Lost in TranslationA Life in a New Language

Author(s): Eva Hoffman

Travel Writing

The condition of exile is an exaggeration of the process of change and loss that many people experience as they grow and mature, leaving behind the innocence of childhood. Eva Hoffman spent her early years in Cracow, among family friends who, like her parents, had escaped the Holocaust and were skeptical of the newly imposed Communist state. Hoffman's parents managed to immigrate to Canada in the 1950s, where Eva was old enough to feel like a stranger--bland food, a quieter life, and schoolmates who hardly knew where Poland was. Still, there were neighbors who knew something of Old World ways, and a piano teacher who was classically Middle European in his neurotic enthusiasm for music.
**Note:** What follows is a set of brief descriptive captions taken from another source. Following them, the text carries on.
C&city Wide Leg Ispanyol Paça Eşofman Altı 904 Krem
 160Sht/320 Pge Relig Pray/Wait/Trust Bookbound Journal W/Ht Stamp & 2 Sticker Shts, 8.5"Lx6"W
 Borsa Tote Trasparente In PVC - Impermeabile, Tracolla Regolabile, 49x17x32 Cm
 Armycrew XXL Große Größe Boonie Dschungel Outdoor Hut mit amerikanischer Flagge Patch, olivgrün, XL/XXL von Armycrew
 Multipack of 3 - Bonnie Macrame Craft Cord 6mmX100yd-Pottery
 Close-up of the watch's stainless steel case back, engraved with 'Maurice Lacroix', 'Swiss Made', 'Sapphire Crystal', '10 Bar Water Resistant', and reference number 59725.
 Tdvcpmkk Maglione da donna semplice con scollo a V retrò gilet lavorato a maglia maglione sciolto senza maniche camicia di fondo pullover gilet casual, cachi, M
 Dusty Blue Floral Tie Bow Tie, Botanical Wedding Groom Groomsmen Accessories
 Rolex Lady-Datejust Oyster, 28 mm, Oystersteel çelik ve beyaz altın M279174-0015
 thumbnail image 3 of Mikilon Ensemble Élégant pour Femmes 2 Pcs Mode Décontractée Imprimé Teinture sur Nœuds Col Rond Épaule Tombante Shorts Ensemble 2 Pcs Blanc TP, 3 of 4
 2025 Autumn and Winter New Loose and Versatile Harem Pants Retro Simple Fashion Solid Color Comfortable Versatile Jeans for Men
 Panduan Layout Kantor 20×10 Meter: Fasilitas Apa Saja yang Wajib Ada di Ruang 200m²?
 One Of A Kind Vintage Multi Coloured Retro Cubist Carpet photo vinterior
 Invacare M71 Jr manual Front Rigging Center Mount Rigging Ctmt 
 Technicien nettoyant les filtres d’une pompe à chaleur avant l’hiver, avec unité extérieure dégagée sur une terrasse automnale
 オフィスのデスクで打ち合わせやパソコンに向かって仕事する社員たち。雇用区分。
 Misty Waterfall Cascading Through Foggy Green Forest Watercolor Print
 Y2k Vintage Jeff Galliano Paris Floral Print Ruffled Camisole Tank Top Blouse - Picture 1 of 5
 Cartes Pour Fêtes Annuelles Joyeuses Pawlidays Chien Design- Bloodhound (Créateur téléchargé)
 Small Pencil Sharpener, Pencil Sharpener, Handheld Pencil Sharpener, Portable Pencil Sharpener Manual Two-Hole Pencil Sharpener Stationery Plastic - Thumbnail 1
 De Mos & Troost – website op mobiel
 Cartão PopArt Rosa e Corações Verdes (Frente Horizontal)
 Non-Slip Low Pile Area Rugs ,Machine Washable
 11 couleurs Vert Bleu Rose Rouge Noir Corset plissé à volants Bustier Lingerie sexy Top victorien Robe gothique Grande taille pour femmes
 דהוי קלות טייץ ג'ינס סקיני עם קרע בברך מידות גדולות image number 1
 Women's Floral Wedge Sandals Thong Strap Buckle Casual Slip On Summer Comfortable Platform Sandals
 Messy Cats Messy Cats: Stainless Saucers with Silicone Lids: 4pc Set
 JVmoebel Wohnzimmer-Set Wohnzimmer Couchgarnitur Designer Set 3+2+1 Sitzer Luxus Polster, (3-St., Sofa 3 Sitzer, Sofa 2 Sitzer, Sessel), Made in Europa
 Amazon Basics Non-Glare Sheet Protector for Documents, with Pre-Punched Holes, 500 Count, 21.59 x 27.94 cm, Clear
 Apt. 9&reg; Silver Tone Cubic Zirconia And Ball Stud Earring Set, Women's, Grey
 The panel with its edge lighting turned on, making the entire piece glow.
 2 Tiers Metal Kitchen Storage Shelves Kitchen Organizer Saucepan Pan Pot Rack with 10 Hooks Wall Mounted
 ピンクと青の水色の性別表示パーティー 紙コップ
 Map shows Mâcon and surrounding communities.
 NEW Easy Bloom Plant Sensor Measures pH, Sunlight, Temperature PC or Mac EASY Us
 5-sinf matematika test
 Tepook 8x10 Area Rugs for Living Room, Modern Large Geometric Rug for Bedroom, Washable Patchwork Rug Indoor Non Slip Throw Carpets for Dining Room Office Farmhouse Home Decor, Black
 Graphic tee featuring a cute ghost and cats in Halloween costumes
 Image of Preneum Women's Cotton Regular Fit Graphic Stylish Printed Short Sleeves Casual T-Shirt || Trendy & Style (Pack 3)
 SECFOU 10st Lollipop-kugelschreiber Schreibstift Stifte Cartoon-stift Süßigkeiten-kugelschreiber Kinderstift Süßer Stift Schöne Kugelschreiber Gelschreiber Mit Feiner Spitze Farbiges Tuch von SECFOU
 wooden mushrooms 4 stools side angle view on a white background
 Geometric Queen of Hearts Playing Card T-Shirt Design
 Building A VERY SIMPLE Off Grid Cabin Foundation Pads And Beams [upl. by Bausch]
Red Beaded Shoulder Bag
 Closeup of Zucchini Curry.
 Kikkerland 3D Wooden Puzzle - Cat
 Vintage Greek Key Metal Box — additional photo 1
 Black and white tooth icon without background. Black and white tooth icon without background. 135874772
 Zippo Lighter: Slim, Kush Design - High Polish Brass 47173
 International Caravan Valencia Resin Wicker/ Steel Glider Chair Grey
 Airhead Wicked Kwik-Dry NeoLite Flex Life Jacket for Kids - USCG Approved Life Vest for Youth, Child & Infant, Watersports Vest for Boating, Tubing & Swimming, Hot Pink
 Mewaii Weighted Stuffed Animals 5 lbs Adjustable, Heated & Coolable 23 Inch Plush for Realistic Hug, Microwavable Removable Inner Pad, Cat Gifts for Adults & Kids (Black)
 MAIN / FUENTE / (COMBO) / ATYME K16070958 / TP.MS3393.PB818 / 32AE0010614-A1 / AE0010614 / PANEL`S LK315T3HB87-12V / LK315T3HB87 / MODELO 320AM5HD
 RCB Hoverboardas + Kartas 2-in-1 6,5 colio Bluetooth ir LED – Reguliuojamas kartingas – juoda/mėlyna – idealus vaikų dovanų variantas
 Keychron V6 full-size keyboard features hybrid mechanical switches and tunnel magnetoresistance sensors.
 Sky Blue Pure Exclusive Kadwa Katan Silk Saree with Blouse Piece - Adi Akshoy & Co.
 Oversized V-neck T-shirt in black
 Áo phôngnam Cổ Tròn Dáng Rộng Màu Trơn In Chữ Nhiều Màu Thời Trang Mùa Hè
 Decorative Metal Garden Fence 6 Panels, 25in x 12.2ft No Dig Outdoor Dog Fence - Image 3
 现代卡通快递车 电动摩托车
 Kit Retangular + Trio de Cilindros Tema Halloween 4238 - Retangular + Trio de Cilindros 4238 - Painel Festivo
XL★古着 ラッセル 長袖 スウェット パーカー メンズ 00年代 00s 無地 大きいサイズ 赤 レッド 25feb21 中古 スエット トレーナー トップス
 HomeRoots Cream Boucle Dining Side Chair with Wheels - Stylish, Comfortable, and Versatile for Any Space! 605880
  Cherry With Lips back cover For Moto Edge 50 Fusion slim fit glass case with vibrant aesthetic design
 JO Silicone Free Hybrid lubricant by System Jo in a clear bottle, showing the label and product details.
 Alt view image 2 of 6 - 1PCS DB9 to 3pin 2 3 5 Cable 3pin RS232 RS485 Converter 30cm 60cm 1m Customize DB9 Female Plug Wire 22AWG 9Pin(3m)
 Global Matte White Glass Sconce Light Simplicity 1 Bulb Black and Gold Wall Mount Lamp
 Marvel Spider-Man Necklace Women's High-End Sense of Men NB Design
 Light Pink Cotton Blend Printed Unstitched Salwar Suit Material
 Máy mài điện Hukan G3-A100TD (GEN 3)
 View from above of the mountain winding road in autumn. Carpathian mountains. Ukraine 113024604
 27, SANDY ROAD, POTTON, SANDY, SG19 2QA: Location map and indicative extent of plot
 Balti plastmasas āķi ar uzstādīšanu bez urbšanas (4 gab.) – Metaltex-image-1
Her true exile came in college in Texas, where she found herself among people who were frightened by and hostile to her foreignness. Later, at Harvard, Hoffman found herself initially alienated by her burgeoning intellectualism; her parents found it difficult to comprehend. Her sense of perpetual otherness was extended by encounters with childhood friends who had escaped Cracow to grow up in Israel, rather than Canada or the United States, and were preoccupied with soldiers, not scholars. Lost in Translation is a moving memoir that takes the specific experience of the exile and humanizes it to such a degree that it becomes relevant to the lives of a wider group of readers.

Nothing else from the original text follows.